# Asus X53K Win 7 Problem!



## Brunsi93 (7. März 2010)

Hallo

ich habe den Laptop meines Stiefvater Formatiert und anstatt
Windows Vista Windows 7 Ultimate drauf gespielt. Nun gibt es da 2 Kleine oder Groß Porbleme.
Das erst: Die Eingebaute Grafikkarte von ATI wird nicht er kannt zwar bekomme ich ein bild aber er zeigt die Grafikkarte also die ATI nicht unter Everst an. Ich habe auch schon versucht einen Treiber runter zu laden für die KArte allerdings wird dieser irgendwie nicht installiert.
Zweites Problem ist das Die Fn Tasten alle sammt nicht Funktionieren.
Könntet ihr mir villeicht sagen was da flasch gelaufen ist?

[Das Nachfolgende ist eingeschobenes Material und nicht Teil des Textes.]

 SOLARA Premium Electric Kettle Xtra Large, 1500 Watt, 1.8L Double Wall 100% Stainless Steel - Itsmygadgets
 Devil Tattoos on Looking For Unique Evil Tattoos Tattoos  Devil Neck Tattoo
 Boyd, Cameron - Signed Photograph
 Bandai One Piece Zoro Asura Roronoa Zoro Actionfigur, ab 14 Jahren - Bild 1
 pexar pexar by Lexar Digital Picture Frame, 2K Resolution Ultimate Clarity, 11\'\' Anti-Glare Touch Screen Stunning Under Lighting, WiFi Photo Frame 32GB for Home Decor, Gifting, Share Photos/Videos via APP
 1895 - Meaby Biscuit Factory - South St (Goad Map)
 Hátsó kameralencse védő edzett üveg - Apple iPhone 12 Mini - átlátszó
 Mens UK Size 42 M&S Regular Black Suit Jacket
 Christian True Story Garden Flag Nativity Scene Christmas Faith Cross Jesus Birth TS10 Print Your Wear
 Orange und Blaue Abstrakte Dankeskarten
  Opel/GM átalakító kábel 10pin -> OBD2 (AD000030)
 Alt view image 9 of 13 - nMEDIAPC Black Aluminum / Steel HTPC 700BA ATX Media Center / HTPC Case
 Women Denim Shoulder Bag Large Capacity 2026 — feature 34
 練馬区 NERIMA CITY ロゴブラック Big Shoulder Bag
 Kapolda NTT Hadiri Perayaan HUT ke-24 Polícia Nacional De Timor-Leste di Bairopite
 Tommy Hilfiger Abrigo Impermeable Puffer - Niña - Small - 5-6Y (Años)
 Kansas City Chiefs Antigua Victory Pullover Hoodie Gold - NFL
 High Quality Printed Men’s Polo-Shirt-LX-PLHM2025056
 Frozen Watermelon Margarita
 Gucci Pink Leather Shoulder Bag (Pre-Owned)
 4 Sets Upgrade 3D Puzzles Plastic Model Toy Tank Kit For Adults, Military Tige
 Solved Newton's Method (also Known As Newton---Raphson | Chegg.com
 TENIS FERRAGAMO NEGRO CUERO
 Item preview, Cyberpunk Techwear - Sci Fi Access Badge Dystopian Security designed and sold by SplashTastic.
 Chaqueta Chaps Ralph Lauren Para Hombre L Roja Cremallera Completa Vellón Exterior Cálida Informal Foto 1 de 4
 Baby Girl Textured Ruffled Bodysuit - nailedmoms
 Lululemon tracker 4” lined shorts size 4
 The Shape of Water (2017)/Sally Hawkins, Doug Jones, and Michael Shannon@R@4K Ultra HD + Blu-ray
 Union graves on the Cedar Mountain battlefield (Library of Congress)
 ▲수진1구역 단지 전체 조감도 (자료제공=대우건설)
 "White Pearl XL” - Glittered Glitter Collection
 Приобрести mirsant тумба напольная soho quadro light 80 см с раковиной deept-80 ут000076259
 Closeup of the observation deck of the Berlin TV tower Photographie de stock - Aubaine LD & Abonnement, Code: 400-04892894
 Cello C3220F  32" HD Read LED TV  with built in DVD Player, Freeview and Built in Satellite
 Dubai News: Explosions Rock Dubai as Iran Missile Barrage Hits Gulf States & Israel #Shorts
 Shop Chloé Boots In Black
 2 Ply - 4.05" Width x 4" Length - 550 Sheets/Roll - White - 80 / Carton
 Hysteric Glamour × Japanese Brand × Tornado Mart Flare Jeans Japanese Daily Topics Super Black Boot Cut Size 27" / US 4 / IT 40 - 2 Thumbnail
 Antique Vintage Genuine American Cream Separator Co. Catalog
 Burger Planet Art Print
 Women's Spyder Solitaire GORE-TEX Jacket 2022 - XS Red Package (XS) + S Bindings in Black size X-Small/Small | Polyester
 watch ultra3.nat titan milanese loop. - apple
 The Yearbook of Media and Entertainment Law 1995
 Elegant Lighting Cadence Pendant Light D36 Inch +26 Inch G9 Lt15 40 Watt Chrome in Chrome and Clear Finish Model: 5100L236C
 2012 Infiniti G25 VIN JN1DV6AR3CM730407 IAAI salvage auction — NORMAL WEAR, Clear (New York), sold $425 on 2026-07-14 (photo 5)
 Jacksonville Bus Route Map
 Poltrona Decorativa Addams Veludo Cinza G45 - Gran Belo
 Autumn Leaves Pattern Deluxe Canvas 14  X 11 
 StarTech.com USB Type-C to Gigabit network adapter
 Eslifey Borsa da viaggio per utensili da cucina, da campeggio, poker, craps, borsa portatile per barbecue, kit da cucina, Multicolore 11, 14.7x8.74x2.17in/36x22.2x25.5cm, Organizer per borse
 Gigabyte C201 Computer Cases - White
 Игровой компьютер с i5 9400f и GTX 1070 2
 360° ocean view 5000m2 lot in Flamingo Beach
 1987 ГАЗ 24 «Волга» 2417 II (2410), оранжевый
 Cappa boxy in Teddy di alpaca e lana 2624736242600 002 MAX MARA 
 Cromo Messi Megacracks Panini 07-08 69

Laptop ist ein Asus Modell X53K
AMD 2x1,70GHz
2GB Arbeitsspeicher

Gruß Brunsi


----------



## Brunsi93 (7. März 2010)

niemand ne ahnung?


----------



## cann0nf0dder (8. März 2010)

entweder auf der asus seite den treiber runterladen oder nen beta treiber für die ati grafikkarte nutzen, der normale meckert auf notebooks das es angepasste für den grafikchip und das verbaute display geben würde und man sich an den hersteller wenden sollte, die ati beta treiber haben diese einschränkung nicht.

für touchpads und sondertaste brauch man soweit ich weiß ne entsprechende software, ka welche du benötigst ...


----------